What the task asks
Starting with the first line and ending with the line that holds "ส่องบรรยากาศปรับปรุงสถานที่ เตรียมคอนBLACKPINK ในไทย", repeat the material exactly.

Information provided
################

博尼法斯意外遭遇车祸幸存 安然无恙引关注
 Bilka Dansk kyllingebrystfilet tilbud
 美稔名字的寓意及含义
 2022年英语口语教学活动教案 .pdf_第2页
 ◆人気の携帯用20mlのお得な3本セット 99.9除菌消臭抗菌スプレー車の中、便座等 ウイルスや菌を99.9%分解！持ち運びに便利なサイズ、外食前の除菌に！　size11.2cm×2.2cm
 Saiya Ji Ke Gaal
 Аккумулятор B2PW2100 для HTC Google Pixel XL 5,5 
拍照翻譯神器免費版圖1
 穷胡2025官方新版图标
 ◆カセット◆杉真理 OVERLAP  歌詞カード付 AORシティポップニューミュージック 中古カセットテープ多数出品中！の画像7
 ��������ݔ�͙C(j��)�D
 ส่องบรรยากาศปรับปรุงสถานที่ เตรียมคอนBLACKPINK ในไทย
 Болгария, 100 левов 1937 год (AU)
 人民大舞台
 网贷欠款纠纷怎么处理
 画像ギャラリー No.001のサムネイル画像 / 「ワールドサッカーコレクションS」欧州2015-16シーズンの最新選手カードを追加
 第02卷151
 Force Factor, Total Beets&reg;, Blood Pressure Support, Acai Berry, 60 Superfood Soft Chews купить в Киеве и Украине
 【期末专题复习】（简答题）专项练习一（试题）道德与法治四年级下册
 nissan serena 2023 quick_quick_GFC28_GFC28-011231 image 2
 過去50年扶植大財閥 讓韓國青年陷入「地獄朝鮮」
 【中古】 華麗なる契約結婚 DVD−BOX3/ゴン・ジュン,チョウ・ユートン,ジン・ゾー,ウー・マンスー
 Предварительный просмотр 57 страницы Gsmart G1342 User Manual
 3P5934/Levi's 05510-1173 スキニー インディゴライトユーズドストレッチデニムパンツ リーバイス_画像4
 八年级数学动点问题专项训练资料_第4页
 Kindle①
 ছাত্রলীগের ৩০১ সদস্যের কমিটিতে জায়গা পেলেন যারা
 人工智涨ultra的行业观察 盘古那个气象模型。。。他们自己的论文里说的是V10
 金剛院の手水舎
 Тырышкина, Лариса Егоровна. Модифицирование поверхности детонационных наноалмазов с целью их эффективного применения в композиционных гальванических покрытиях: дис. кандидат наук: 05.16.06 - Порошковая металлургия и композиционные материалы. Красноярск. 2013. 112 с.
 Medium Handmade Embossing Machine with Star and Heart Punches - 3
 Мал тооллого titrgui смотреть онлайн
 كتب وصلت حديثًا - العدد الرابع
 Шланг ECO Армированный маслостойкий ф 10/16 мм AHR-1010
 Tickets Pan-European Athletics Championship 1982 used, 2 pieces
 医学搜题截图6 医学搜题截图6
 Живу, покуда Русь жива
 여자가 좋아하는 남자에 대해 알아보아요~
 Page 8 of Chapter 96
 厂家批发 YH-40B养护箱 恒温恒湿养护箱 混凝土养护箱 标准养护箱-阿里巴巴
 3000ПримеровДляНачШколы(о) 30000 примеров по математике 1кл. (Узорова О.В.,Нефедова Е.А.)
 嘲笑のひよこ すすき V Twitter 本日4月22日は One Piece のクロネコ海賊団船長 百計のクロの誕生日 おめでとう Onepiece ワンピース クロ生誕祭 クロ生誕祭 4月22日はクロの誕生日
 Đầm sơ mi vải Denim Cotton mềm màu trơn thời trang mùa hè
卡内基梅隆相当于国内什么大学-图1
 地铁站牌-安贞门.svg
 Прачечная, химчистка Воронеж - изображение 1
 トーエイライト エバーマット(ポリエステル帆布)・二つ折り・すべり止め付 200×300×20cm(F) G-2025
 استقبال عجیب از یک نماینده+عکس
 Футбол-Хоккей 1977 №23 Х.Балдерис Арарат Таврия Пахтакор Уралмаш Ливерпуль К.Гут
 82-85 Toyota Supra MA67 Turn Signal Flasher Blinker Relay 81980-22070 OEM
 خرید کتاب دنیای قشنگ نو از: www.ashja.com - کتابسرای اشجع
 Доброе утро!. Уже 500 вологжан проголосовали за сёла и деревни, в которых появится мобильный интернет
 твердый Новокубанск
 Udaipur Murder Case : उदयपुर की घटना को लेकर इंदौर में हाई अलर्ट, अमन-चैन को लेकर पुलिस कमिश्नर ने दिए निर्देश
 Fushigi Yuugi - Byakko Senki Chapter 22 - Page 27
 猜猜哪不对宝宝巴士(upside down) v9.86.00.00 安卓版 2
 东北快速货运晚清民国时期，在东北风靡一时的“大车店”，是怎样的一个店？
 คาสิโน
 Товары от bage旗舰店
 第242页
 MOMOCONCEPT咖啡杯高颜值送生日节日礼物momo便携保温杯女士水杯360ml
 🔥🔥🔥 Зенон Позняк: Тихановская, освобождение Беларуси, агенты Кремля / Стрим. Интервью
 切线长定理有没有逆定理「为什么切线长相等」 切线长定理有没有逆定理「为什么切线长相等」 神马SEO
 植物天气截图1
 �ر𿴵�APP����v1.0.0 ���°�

################

Task result
博尼法斯意外遭遇车祸幸存 安然无恙引关注
 Bilka Dansk kyllingebrystfilet tilbud
 美稔名字的寓意及含义
 2022年英语口语教学活动教案 .pdf_第2页
 ◆人気の携帯用20mlのお得な3本セット 99.9除菌消臭抗菌スプレー車の中、便座等 ウイルスや菌を99.9%分解！持ち運びに便利なサイズ、外食前の除菌に！　size11.2cm×2.2cm
 Saiya Ji Ke Gaal
 Аккумулятор B2PW2100 для HTC Google Pixel XL 5,5 
拍照翻譯神器免費版圖1
 穷胡2025官方新版图标
 ◆カセット◆杉真理 OVERLAP  歌詞カード付 AORシティポップニューミュージック 中古カセットテープ多数出品中！の画像7
 ��������ݔ�͙C(j��)�D
 ส่องบรรยากาศปรับปรุงสถานที่ เตรียมคอนBLACKPINK ในไทย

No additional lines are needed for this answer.